— WORK ORDER —
The reply should hold only the lines below beginning at the one with "Eclipse Blue Montane" and ending at the one with "M&Co Blue Cotton", copied exactly, with every picture left out.

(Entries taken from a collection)
▼
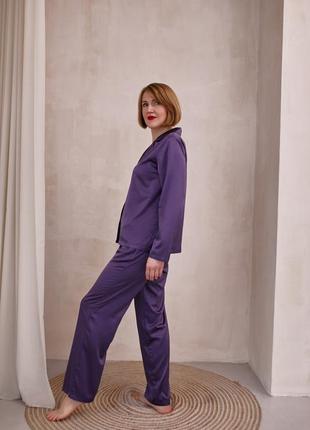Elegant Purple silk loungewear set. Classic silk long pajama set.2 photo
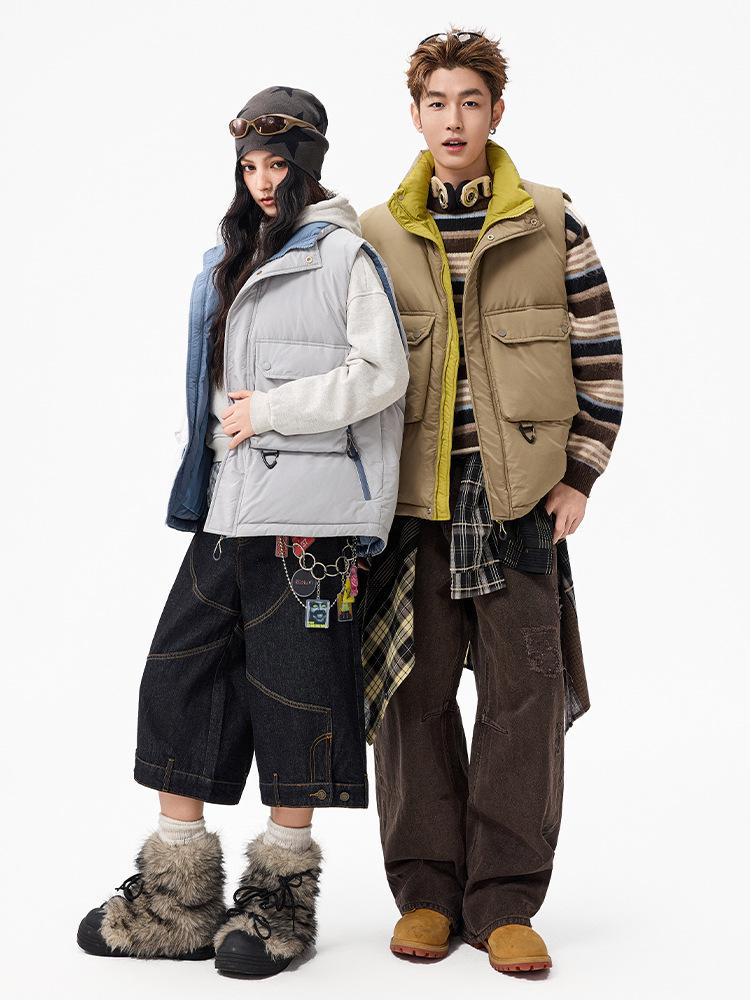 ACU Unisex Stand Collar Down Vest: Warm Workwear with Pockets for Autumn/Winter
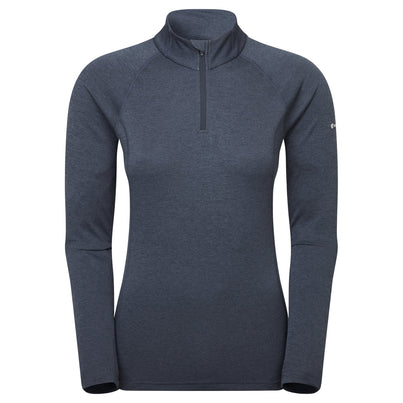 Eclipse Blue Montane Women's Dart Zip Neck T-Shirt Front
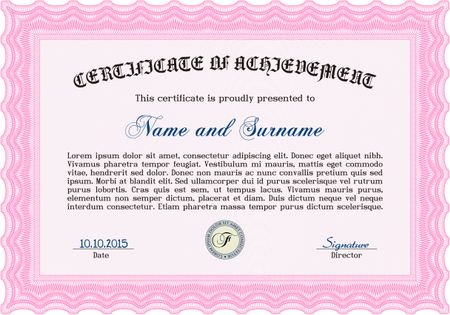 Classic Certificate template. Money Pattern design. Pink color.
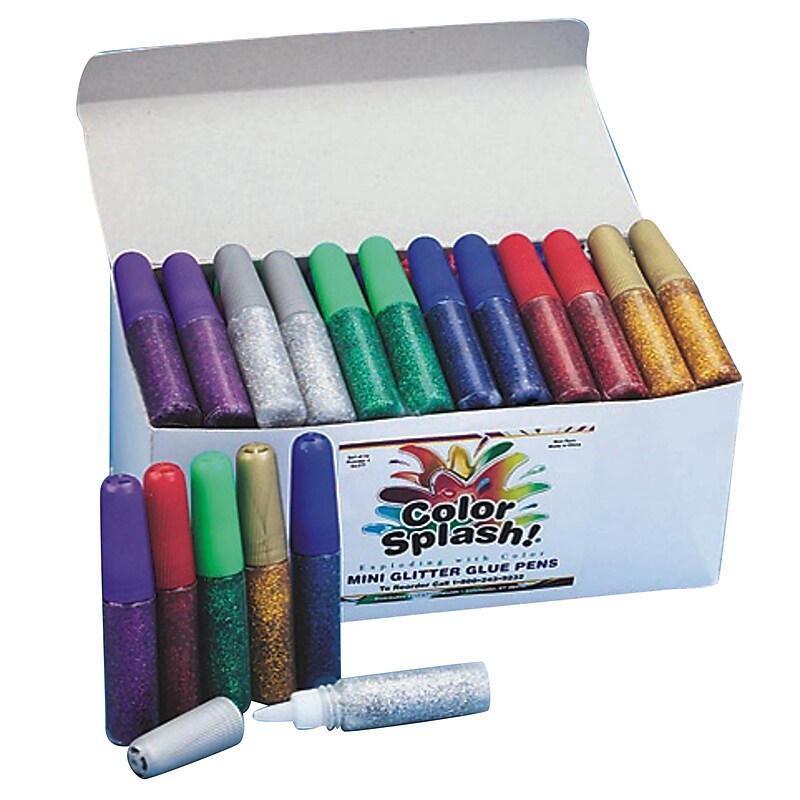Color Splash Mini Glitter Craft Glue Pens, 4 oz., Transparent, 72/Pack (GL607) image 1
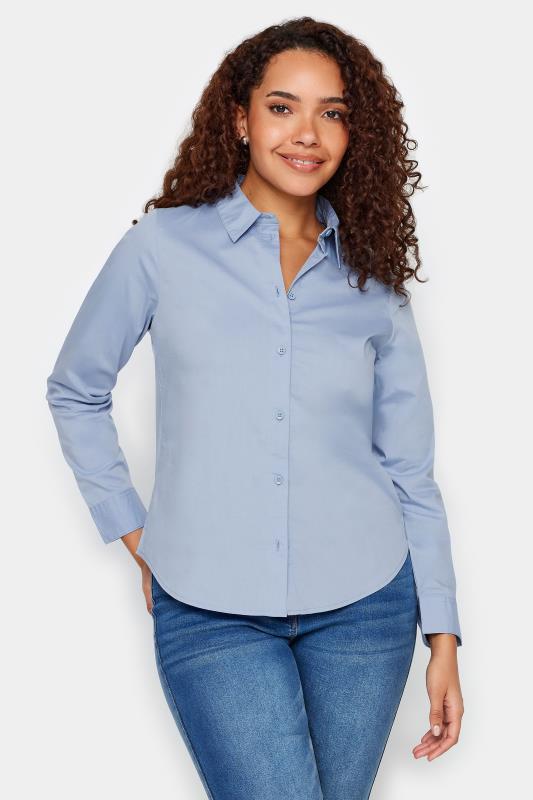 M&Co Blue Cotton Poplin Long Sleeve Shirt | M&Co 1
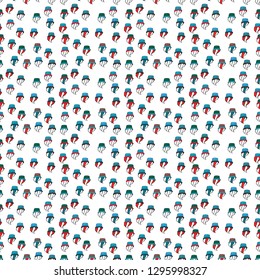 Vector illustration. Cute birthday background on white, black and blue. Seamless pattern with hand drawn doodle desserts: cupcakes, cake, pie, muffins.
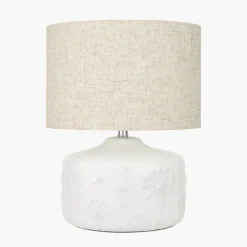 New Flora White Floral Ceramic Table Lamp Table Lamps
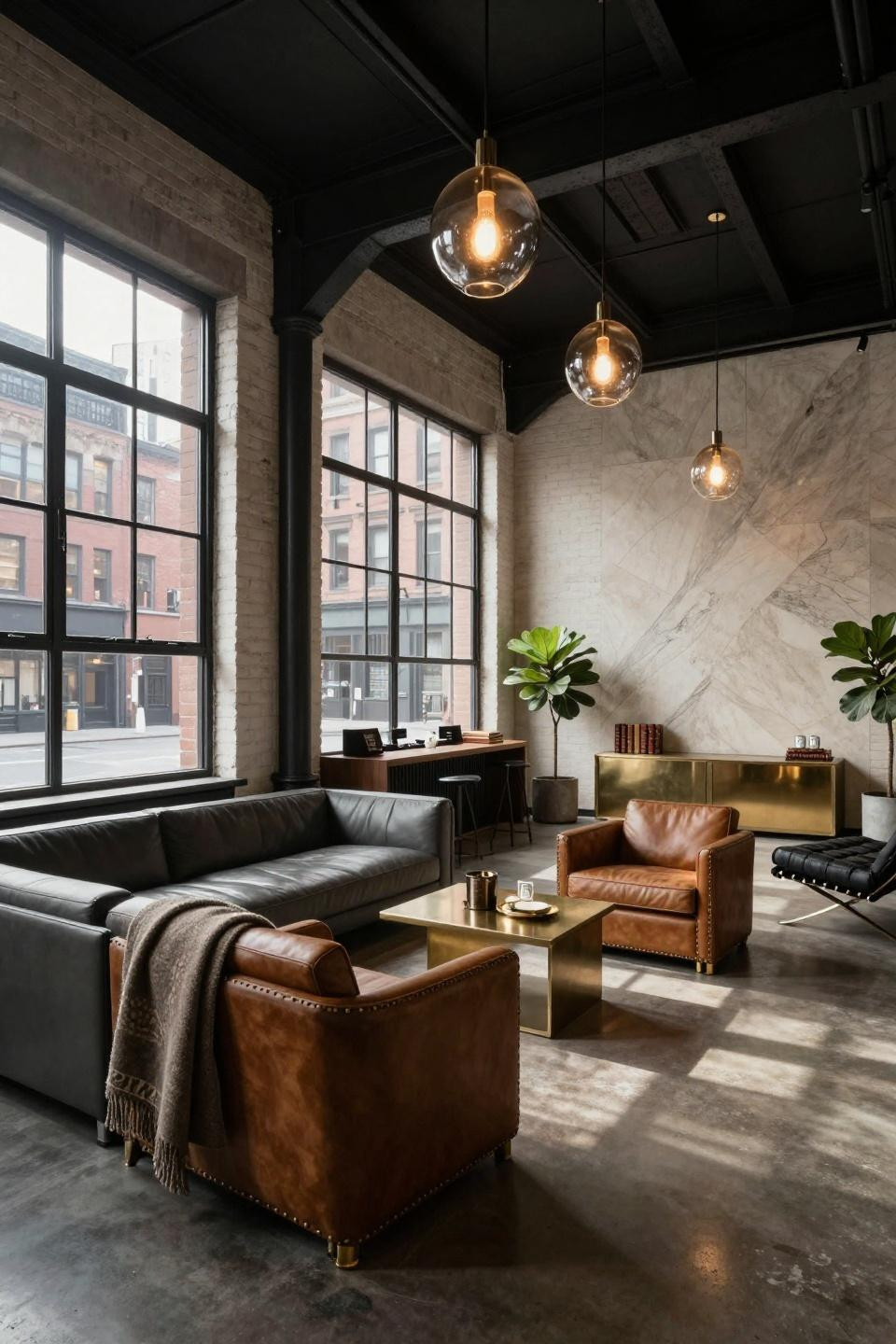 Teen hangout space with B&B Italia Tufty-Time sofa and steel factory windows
▲
— YOUR RESPONSE —
 Eclipse Blue Montane Women's Dart Zip Neck T-Shirt Front
 Classic Certificate template. Money Pattern design. Pink color.
Color Splash Mini Glitter Craft Glue Pens, 4 oz., Transparent, 72/Pack (GL607) image 1
 M&Co Blue Cotton Poplin Long Sleeve Shirt | M&Co 1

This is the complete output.